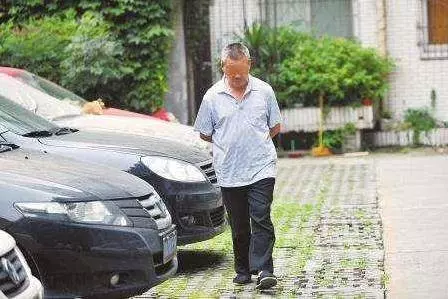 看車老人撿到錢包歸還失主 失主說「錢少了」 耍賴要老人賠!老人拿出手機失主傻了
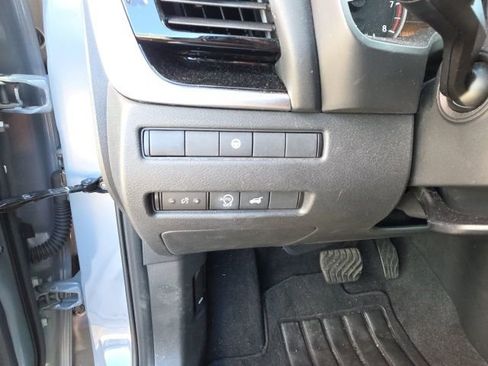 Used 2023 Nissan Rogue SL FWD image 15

§

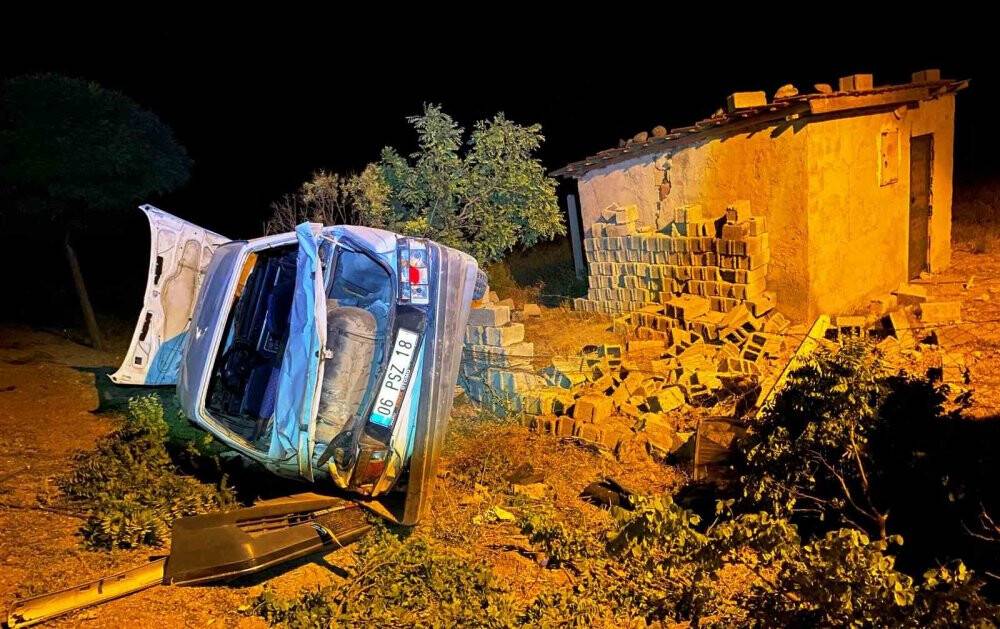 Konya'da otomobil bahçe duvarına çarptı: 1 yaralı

§

**The task**
Respond with the exact lines above running from the one containing "看車老人撿到錢包歸還失主 失主說「錢少了」 耍賴要老人賠!老人拿出手機失主傻了" to the one containing "Used 2023 Nissan Rogue SL FWD image 15", both ends kept and no pictures included.

**Written answer**
 看車老人撿到錢包歸還失主 失主說「錢少了」 耍賴要老人賠!老人拿出手機失主傻了
 Used 2023 Nissan Rogue SL FWD image 15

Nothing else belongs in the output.